Para o professor Apolo Lisboa, coordenador do Projeto Manuelzão, ligado à Universidade Federal de Minas Gerais (UFMG), “não se pode levar um fator que já é escasso em uma região” – no caso, a água na bacia do São Francisco – “para ser fator de propulsão do consumo e do desenvolvimento econômico de outra região”. O Manuelzão é um dos signatários do manifesto “A transposição das águas do Rio São Francisco – Riscos Previsíveis, Conseqüências Incalculáveis”, lançado em 29 de novembro de 2004 por 210 organizações indignadas com o assunto. Mais adesões estão sendo aceitas desde então.
Um dos pontos nevrálgicos da questão, porém, é a percepção de que o desvio das águas não vai ter como meta principal o consumo humano, mas sim a chegada das águas para a irrigação de grandes áreas privadas e o privilégio do cultivo em larga escala de camarão para exportação. “Podemos perceber esses interesses escusos na própria leitura do EIA/Rima [Estudo de Impacto Ambiental/Relatório de Impacto no Meio Ambiente], que está mal feito. Estão querendo migrar as águas do São Francisco para assuntos privados. Dessa forma, essa transposição seria um golpe fatal no Velho Chico”, enfatiza Andrade. “Isso está tão claro que o próprio governo já está admitindo isso”, diz.
Para ele, existem três pontos que precisam ser analisados: a transposição só é justificável se for para consumo humano. Mesmo que seja para consumo humano, a bacia “doadora” precisa ter água suficiente para que seja retirada uma parte disso – “e já há estudos que demonstram que não há”, diz. Além disso, mesmo que a transposição seja para consumo humano e haja água suficiente para tal na bacia doadora, a obra só deve ser feita se a bacia receptora não tiver água para satisfazer as necessidades, inclusive a de consumo humano, dos seus habitantes. “E não podemos afirmar isso. O EIA/Rima está inconclusivo. E há dados que indicam que as bacias que seriam receptoras neste projeto têm águas suficientes para abastecer para sua população, se melhores distribuídas”. “Mais de 70% da água transposta iriam para irrigação de grandes projetos agrícolas.
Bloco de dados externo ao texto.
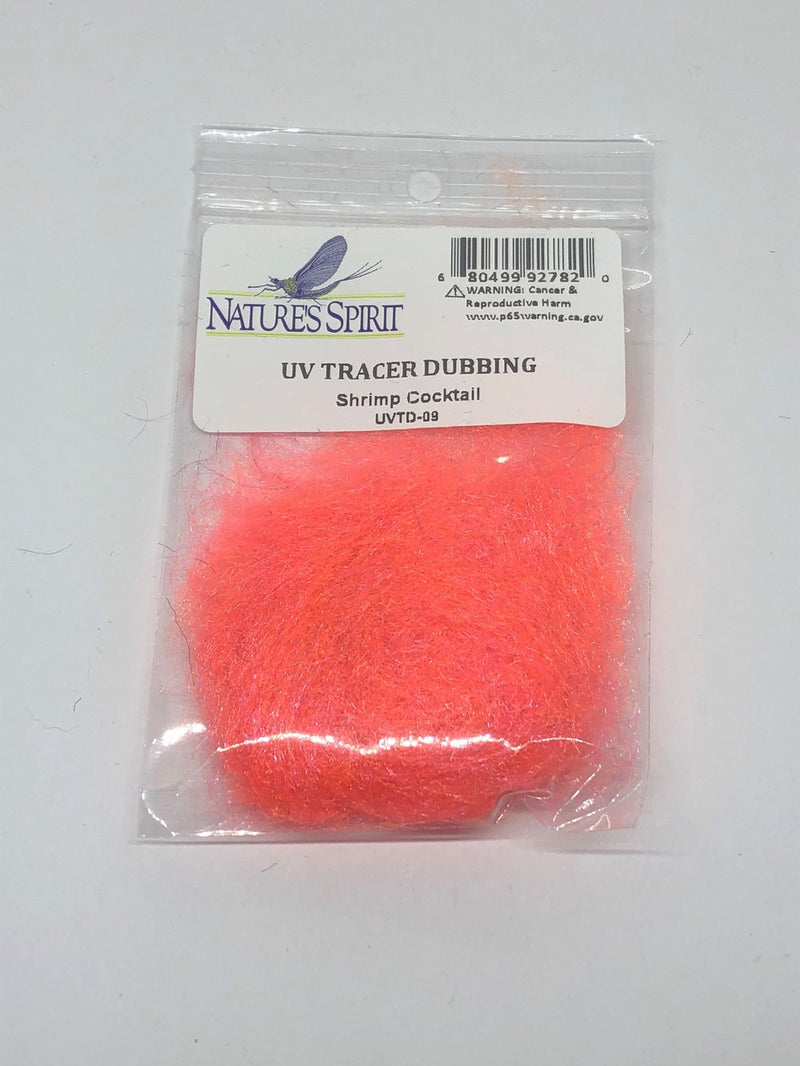 Shrimp Cocktail UV Tracer Dubbing – pale pink-orange mix with UV flash, perfect for saltwater shrimp imitations.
Além disso, querem começar a obra logo, pois acreditam que, uma vez iniciada, será mais difícil parar, sob o argumento de que dinheiro público teria sido jogado fora. É a obra pela obra. A impressão que se tem é que o governo está querendo, ao privilegiar as elites e fazer a farra de empreiteiras, garantir verba para a reeleição. Parece que a racionalidade não vale nada”, diz Lisboa.
Iraque, Transamazônica e estelionato
No entanto talvez o mais repetido argumento, que os representantes da sociedade civil neste debate lembram à exaustão, é a necessidade de fazer a recuperação do leito do Velho Chico antes de pensar em retirar suas águas. É a já famosa revitalização. O raciocínio é simples: se o leito já está ruim, retirar água só fará piorar – ou, ainda, acabar com o rio. “O São Francisco já está degradado, existe um problema grave de vazão. Independentemente de ser feita ou não a transposição, existe algo mais urgente: a revitalização”, defende Andrade.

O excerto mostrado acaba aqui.